**Exercise aim:**
Only the pictures should be dropped; every line of the data must come back exactly as written.

**Collected material:**
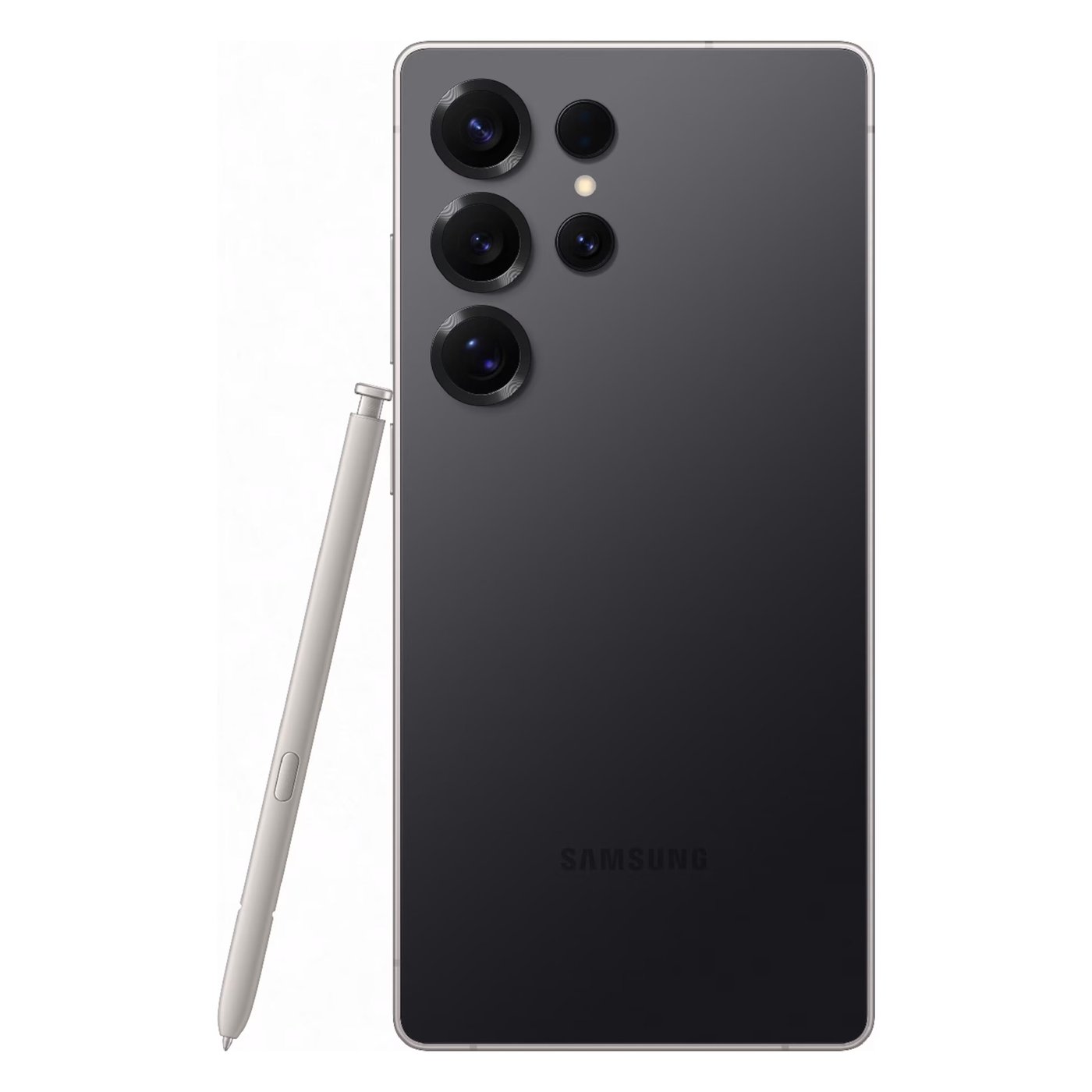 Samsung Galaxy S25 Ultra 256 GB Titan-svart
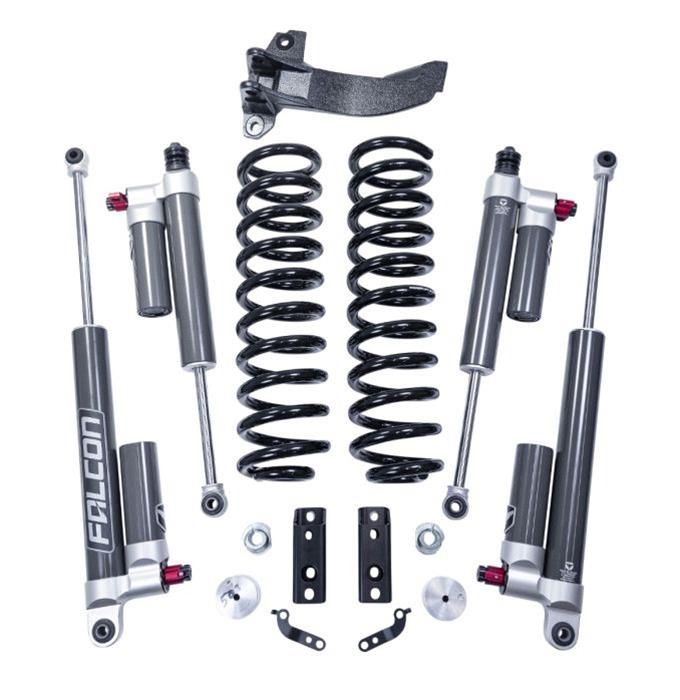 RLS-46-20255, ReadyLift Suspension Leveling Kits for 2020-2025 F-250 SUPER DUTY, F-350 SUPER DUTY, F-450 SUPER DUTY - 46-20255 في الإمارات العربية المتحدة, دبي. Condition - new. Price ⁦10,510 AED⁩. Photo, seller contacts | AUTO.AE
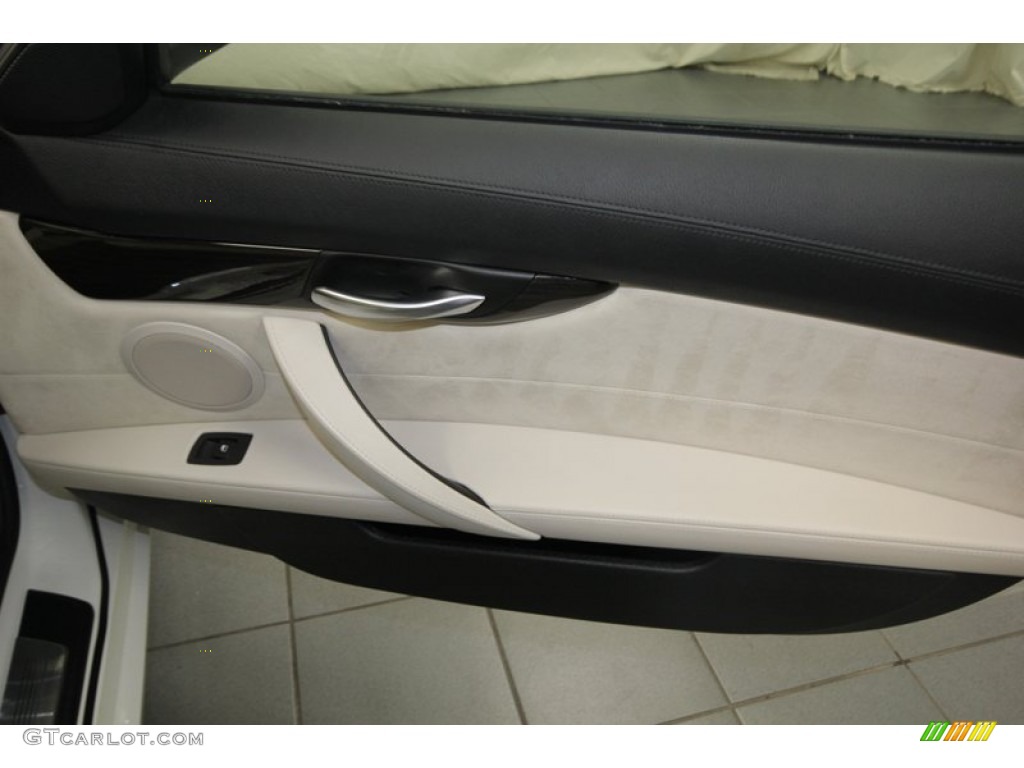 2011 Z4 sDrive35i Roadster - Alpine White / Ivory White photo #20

**Reply to the exercise:**
 Samsung Galaxy S25 Ultra 256 GB Titan-svart
 RLS-46-20255, ReadyLift Suspension Leveling Kits for 2020-2025 F-250 SUPER DUTY, F-350 SUPER DUTY, F-450 SUPER DUTY - 46-20255 في الإمارات العربية المتحدة, دبي. Condition - new. Price ⁦10,510 AED⁩. Photo, seller contacts | AUTO.AE
 2011 Z4 sDrive35i Roadster - Alpine White / Ivory White photo #20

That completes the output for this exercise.